T3's receptor affinity is much higher than that of T4, but its transport protein affinity is much lower than T4. T4's higher affinity for transport protein makes it harder to degrade while in circulation which complements its role as a reservoir for conversion to T3.

Why are T3 and T4 so important to CNS development?

T3/T4 play a critical role in the growth and myelination of neurons. Lack of these hormones will permenantly retard the development of the nervous system.

What would the results of a hormone panel look like for a patient with primary hyperthyroidism and how can you explain this finding?

T3/T4 will be high which will provide strong negative feed back to the pars distalis and hypothalamus resulting in low TSH and TRH levels.

If the body primarily uses T3, then why is 75% of secreted thyroid hormone T4?

T4 has a much longer half life and is more readily bound by transport proteins which makes it ideal to serve as a readly reservoir for conversion to T3 when needed.

If only 20% of circulating T3 hormone is directly released from the thyroid gland, where does the remaining 80% come from?

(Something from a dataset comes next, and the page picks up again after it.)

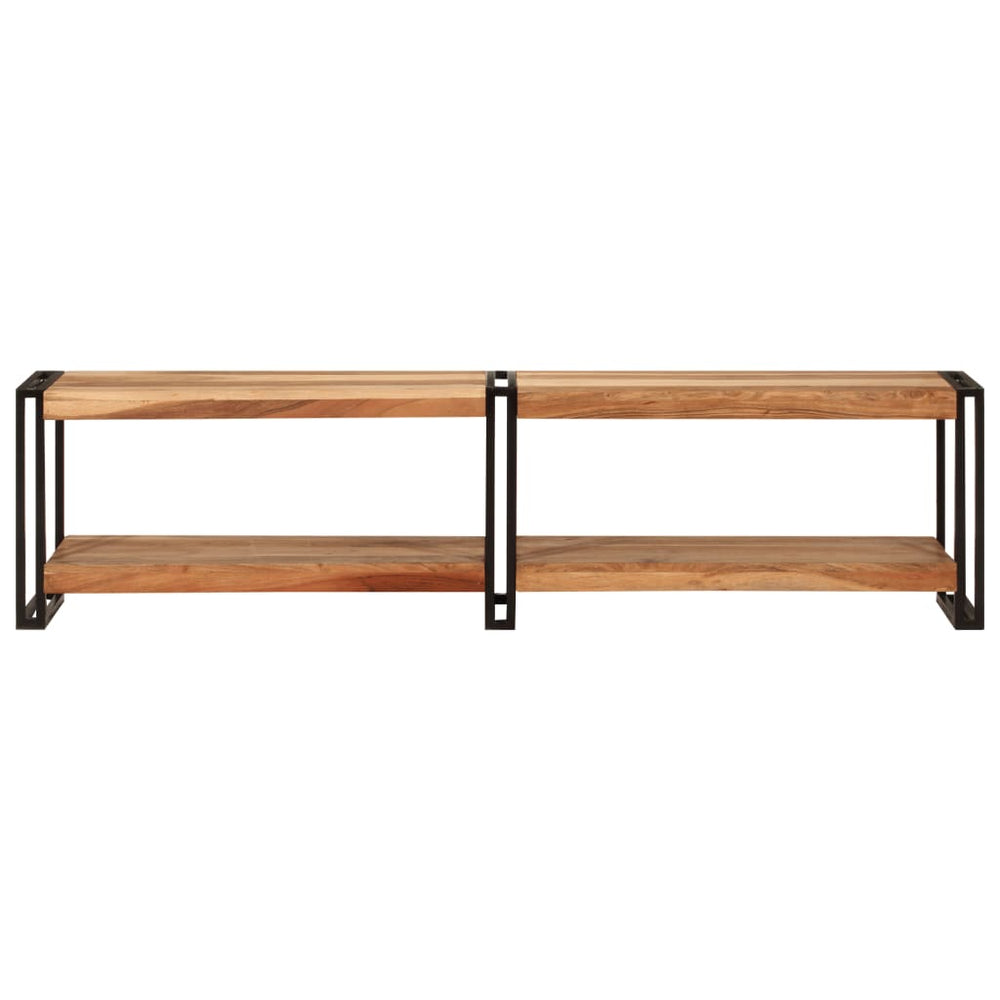 TV-Schrank Akazie Massivholz 160 cm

T4 serves as the reservoir for T3 hormone. The majority of T3 hormone used by the body is the result of deiodization of T4 into T3.

What are the formal names of T3 and T4 hormones?

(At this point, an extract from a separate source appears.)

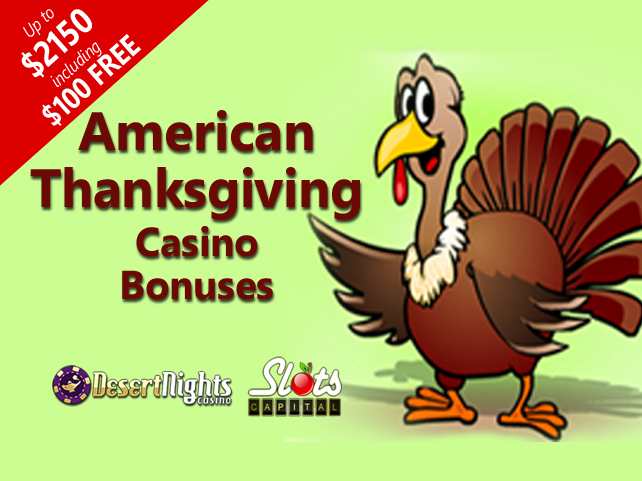 Duo running Thanksgiving deposit bonuses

T4: Thyroxine. T3: Triiodothyronine

How will a patient with primary hyperthyroidism respond to a TRH challenge and why?

TRH response will be negative or blunted due to the increased negative feedback from high plasma T3/T4 levels.

How long will it take a patient to present with symptoms if their thyroid suddenly stops releasing T3/T4?

The body has about a 2 week supply of thyroid hormone in circulation. Symptoms will present around this timeframe.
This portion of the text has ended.